» Extracted information:
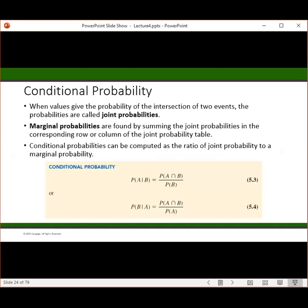When values are given as the probabilities of the intersection of two events, they're known as joint probabilities — we were looking at 26% and 55% as joint probabilities. Marginal probabilities are found by summing the joint probabilities in the corresponding row or column of the pivot table we create. Conditional probabilities can be computed as the ratio of the joint probability to the marginal probability: the probability of A given B equals the probability of A and B divided by the probability of B.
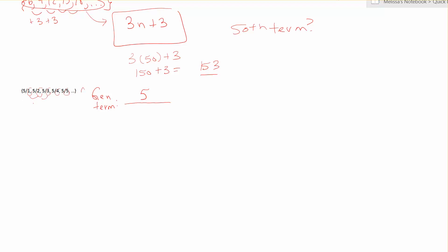Well, from 1 to 2, it's adding 1. 2 to 3, it's adding 1. So it's adding 1 each time. So remember, these addition patterns, we always start with the number that it's adding by. We multiply that by n. So I really have 1n.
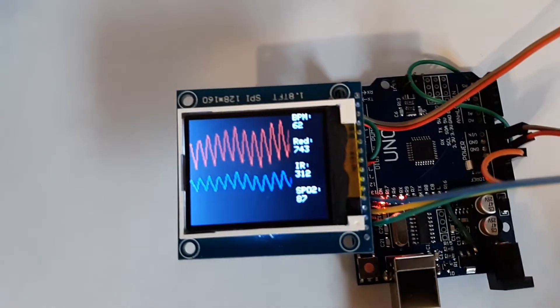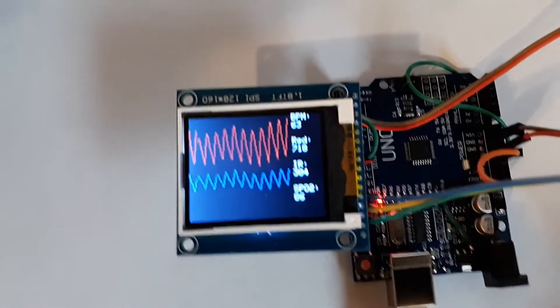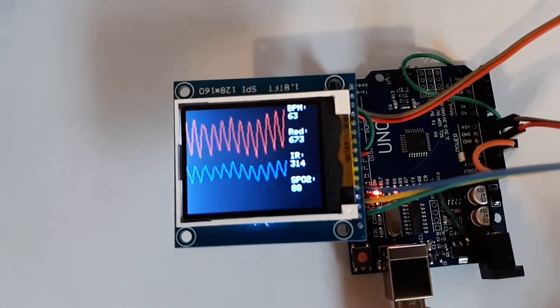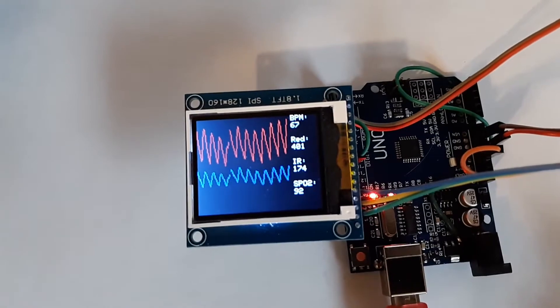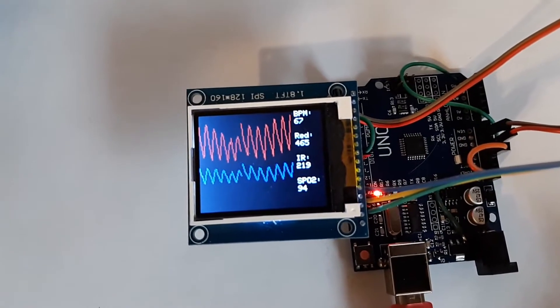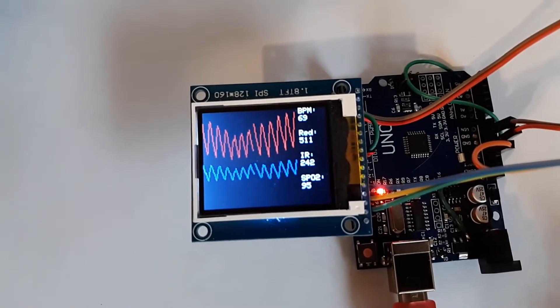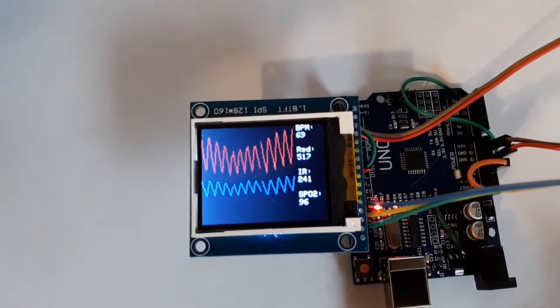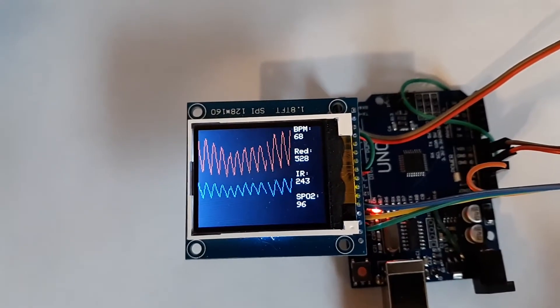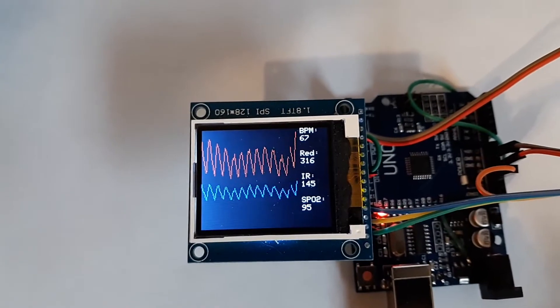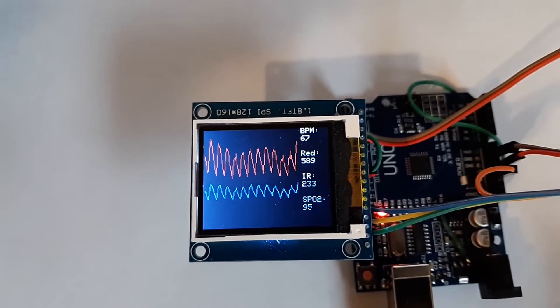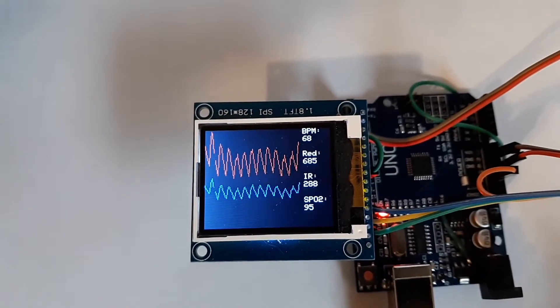This is Bob Davis 321 back with another video. In this case I'm using a Max 30102 to detect heartbeat and oxygen.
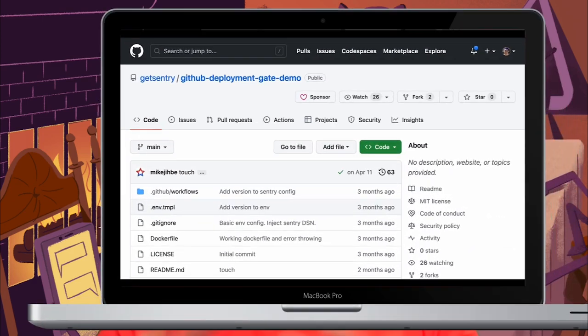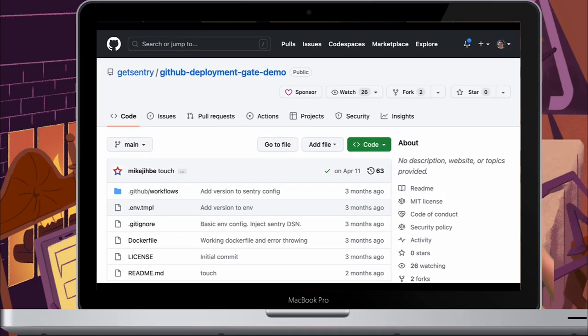From here, you can trigger a new deployment. When you push this out to the repository, it will trigger the GitHub deployment workflow. You can also configure the wait times to see if there are any new errors before continuing the deployment. For more information on how to get started and how it works, you can check out the demo application, which is linked down in the description below.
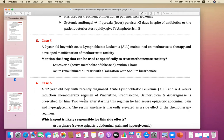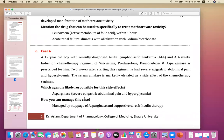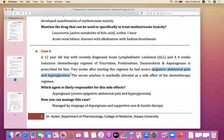Next case: a 12-year-old boy with recently diagnosed acute lymphoblastic leukemia on a four-week induction chemotherapy regimen of vincristine, prednisolone, daunorubicin, and asparaginase — the PVDA regimen prescribed for him. Two weeks after starting this regimen he developed severe epigastric abdominal pain and hyperglycemia.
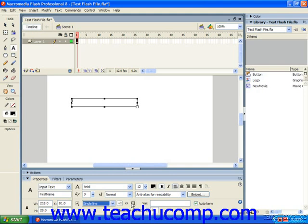The only thing that's different for input text fields would be maximum characters. This allows you to enter a number to which the visitors will be limited to when entering text, such as usernames and passwords, into this field.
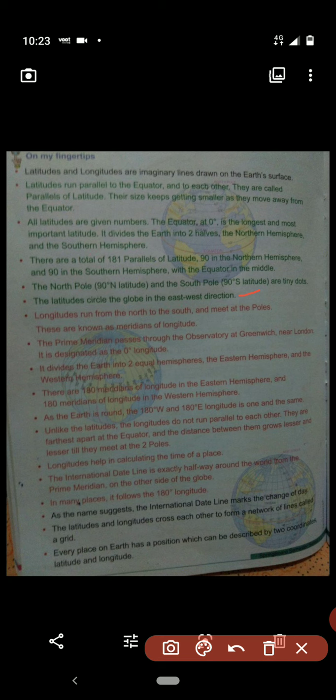The north pole is at 90 degrees latitude and the south pole is at 90 degrees latitude — they are like tiny dots. As you move towards the poles, the size of the latitudes decreases. Latitudes circle the globe in the east-west direction; they are circular lines around the earth.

» Task statement:
Print the material above verbatim except the pictures.

» Solution for this task:
When values are given as the probabilities of the intersection of two events, they're known as joint probabilities — we were looking at 26% and 55% as joint probabilities. Marginal probabilities are found by summing the joint probabilities in the corresponding row or column of the pivot table we create. Conditional probabilities can be computed as the ratio of the joint probability to the marginal probability: the probability of A given B equals the probability of A and B divided by the probability of B.
Well, from 1 to 2, it's adding 1. 2 to 3, it's adding 1. So it's adding 1 each time. So remember, these addition patterns, we always start with the number that it's adding by. We multiply that by n. So I really have 1n.
This is Bob Davis 321 back with another video. In this case I'm using a Max 30102 to detect heartbeat and oxygen.
From here, you can trigger a new deployment. When you push this out to the repository, it will trigger the GitHub deployment workflow. You can also configure the wait times to see if there are any new errors before continuing the deployment. For more information on how to get started and how it works, you can check out the demo application, which is linked down in the description below.
Next case: a 12-year-old boy with recently diagnosed acute lymphoblastic leukemia on a four-week induction chemotherapy regimen of vincristine, prednisolone, daunorubicin, and asparaginase — the PVDA regimen prescribed for him. Two weeks after starting this regimen he developed severe epigastric abdominal pain and hyperglycemia.
The only thing that's different for input text fields would be maximum characters. This allows you to enter a number to which the visitors will be limited to when entering text, such as usernames and passwords, into this field.
The north pole is at 90 degrees latitude and the south pole is at 90 degrees latitude — they are like tiny dots. As you move towards the poles, the size of the latitudes decreases. Latitudes circle the globe in the east-west direction; they are circular lines around the earth.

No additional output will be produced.